The Old Oak La vecchia quercia è l’ultimo film di Ken Loach ed è il simbolo del Regno Unito. Ma è anche il luogo dove Robin Hood dimorava con i suoi sodali nella Foresta di Sherwood.
Un uomo, un regista, un’umanista, un attivista, che dal suo primo film Poor Cow (1967) ha raccontato storie di povera gente (con i suoi problemi economici, sociali, anche di violenza domestica sulle donne), o di sanguinose guerre civili (irlandese, spagnola, ecc.).
Del resto nella sua vita ha fatto sempre parte delle sinistre, come laburisti ed altre formazioni, uscendone volontariamente o fatto fuori da gente che ipocritamente non curava gli interessi delle classi meno abbienti (Tony Blair e Keir Starmer).
Ha preso premi per i suoi film come Il vento che accarezza l’erba (Cannes 2006) o Io Daniel Black (Cannes 2016) e per la sua carriera il Leone d’oro a Venezia nel 1994, il Pardo d’oro a Locarno nel 2003 e l’Orso d’oro a Berlino nel 2014. Ancora, in questo speriamo non ultimo suo film, colpisce per la sua coerenza e fa commuovere tutti gli spettatori più sensibili.
Una globalizzazione che ha perseguito solo il profitto ed ha desertificato intere aree produttive europee, con paesi ormai fantasmi, che contengono le persone rimaste al limite della sopravvivenza.

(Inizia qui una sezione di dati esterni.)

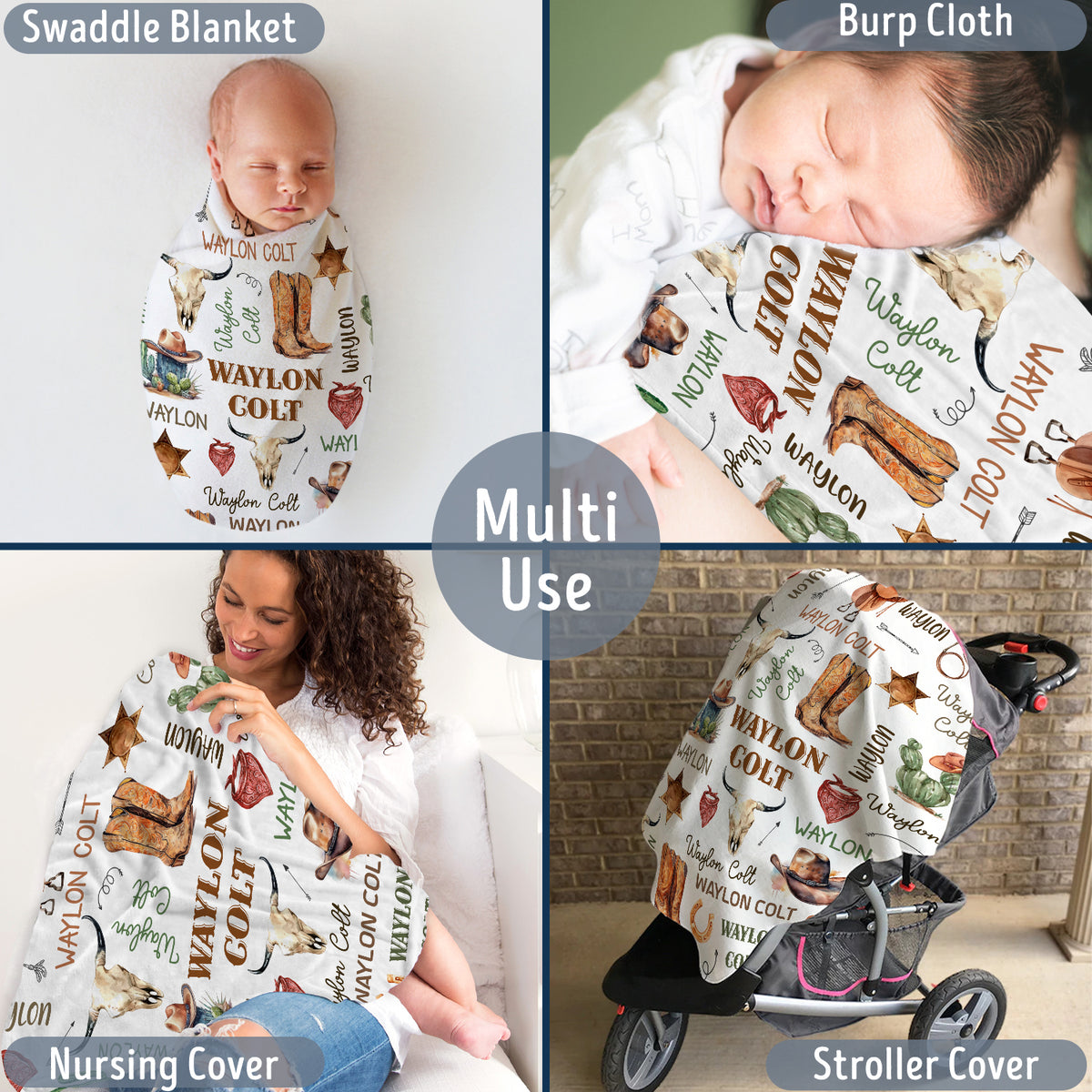 Monogrammed Blankets Cowboy Pattern, Western Baby Stuff, Personalized Baby Blankets for Boys Girls, Newborn Infant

La storia è quella di un uomo buono T.J. Ballantyne (Dave Turner), proprietario di un Pub in un paese della Contea non metropolitana di Durham (nord est inglese), che all’arrivo di profughi (donne e bambini, gli uomini stanno ancora morendo in Siria) cerca con l’aiuto di una volontaria sociale di fornire un pasto (una o due volte a settimana) agli stranieri ed anche ai bisognosi locali.
Un significato molto diverso, più politico ed impegnato di un’epoca in cui si tentava (forse inutilmente) di cambiare quel corso dell’economia, con i risultati attuali, oggi sotto gli occhi chiusi di tutti.
Una buona dose di ideologia fa ancora bene – vuol dire Loach – e se ci emozioniamo e commoviamo vuol dire che non siamo ancora morti, come tanti.
Fortunatamente, come Ken Loach, raccontare l’intolleranza e la xenofobia, comunemente confusi con il razzismo, è l’impegno comune di vari registi sia spagnoli (Rodrigo Sorogoyen), francesi (Emmanuel Carrère), finlandesi (Aki Kaurismaki) ecc..
La fine del patto sociale con le tre classi canoniche (abbienti, middle class e proletari) ormai appiattite a livello di resistenza e sussistenza, si sta scoprendo ovunque.
Le impensabili manutenzioni di ogni tipo (murarie, idrauliche ed energetiche) che il povero Ballantyne vede allontanarsi con l’aumento dei mutui. E soprattutto la fine di quella grande partecipazione alle feste (nascite, matrimoni e funerali) che ancora sono nelle nostre tradizioni, ma sembrano ormai obsolete.